7. Technical Constraints & Guarantees

  • Determinism Boundary: Saga programs are deterministic and side-effect free. All I/O happens only in effect workers.
  • At-Least-Once Processing: JetStream delivery is at-least-once; correctness relies on idempotency via checkpoints and dedupe markers.
  • Atomicity: “Saga state + outbox + checkpoint” is committed as one durable transaction to avoid dual-write gaps.
  • Tenant Isolation: Every read/write is tenant-scoped; cross-tenant access is blocked at both subject filters and storage keyspace.
  • No Direct Cross-Aggregate Reads: Sagas coordinate via events and commands; they do not read Aggregate state directly (unless explicitly provided as event payload or via a dedicated query/projection API).

8. Horizontal Scaling Strategy (Worker Pool)

The Runner scales horizontally by adding replicas.
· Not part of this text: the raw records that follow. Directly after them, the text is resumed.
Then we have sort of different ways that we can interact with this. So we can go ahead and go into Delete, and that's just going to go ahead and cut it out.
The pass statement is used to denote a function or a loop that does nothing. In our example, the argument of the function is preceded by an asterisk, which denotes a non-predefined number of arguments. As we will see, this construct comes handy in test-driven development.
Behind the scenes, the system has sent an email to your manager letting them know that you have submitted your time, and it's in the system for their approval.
  • Work Distribution: JetStream deliver groups ensure each message is processed by a single worker in a replica set.
  • Sharding Options:
    • Tenant Sharding: Place runner replicas on nodes responsible for certain tenant ranges, aligning with gateway routing and operational locality.
    • Key Sharding: For large tenants, shard by (tenant_id, saga_name, correlation_id) across multiple worker groups.
  • Draining: Instances support graceful drain: stop acquiring new work, finish in-flight items, flush outbox relay, then exit.
  • Replay: Rebuild sagas by resetting checkpoint:{tenant_id}:{saga_name} and re-consuming from JetStream (with strong caution and explicit operator intent).
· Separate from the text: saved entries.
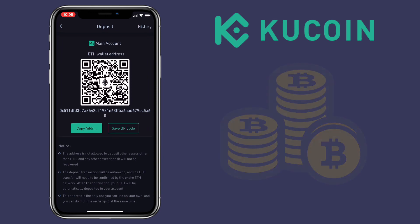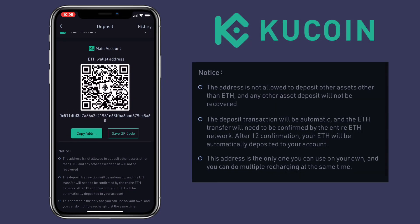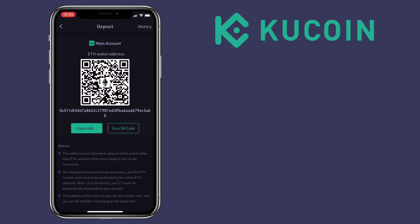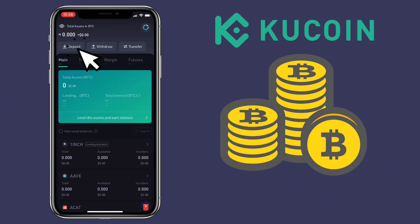Please remember: this address is not allowed to receive assets other than Ethereum — any other asset deposited will not be recovered. The deposit transaction will be automatic, and ETH transfers need to be confirmed by the entire Ethereum network. After 12 confirmations, your Ethereum will be automatically deposited to your account. This address is the only one you can use, and you can do multiple rechargings at the same time.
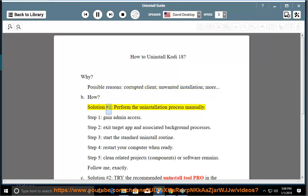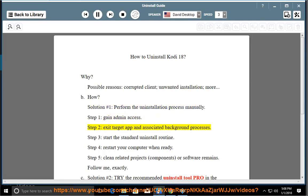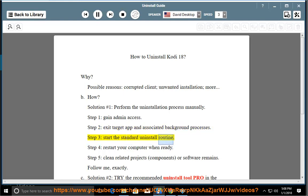How? Solution number 1: perform the uninstallation process manually. Step 1: gain admin access. Step 2: exit the target app and associated background processes. Step 3: start the standard uninstall routine. Step 4: restart your computer when ready.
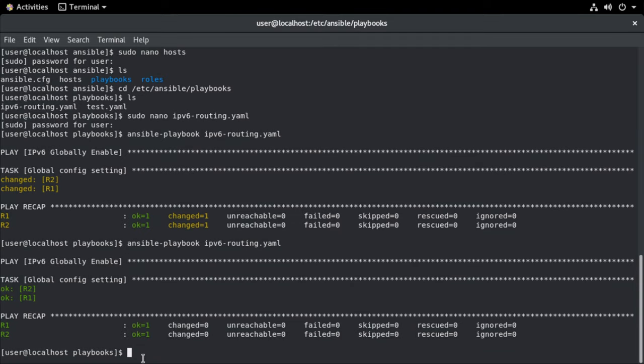So that's a look at using Ansible within Eve in G to affect some Cisco devices. I hope you found this content useful and I want to thank you sincerely for watching.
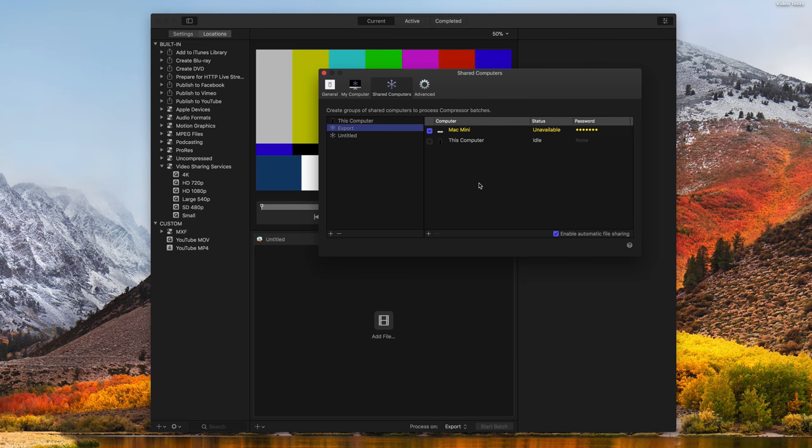And this is not the same way that Compressor works. You actually have to manually export using this program. But one benefit of this is that you can use multiple computers at the same time. So that's what I really love about this.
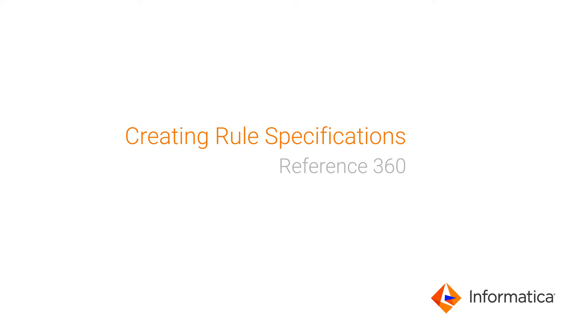This video guides you through how to create rule specifications in Informatica Cloud Data Quality and how to use them in MDM Reference 360.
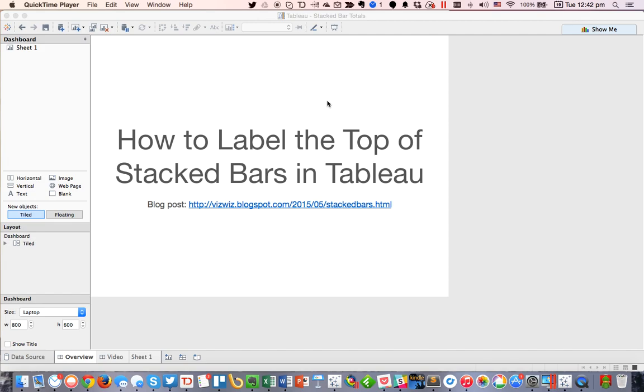For this week's Tableau Tip Tuesday, I'm going to show you two methods for adding labels to the top of stacked bars in Tableau.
9. Error Handling & Operational Policies

  • Poison Messages: If a message repeatedly fails deterministic execution (schema mismatch, runtime-function error), quarantine it:
    • write a record to deadletter:{tenant_id}:...
    • emit an alert/metric
    • continue processing other keys
  • Retry Discipline: Retries for deterministic saga transitions should be bounded and should not busy-loop; external effect retries are handled in effect workers with backoff.
  • Backpressure: Configure max in-flight per worker and per key; expose lag and outbox depth metrics.
  • Schema Evolution: Treat event payloads as versioned; sagas and effects must accept older versions or explicitly gate by version and route to compensating paths.

10. Admin + Health Endpoints (Under Gateway)

The Runner exposes endpoints consistent with other components:

  • /health - storage + JetStream connectivity checks
  • /ready - readiness (not draining, can acquire work)
  • /metrics - Prometheus metrics
  • /info - build info, role mode(s), configured saga/effect sets, stream/consumer names
  • /admin/drain - begin graceful drain
  • /admin/reload - hot-reload manifest/placement config (where supported)

All admin endpoints are expected to run behind the Gateway and enforce tenant-scoped access where applicable.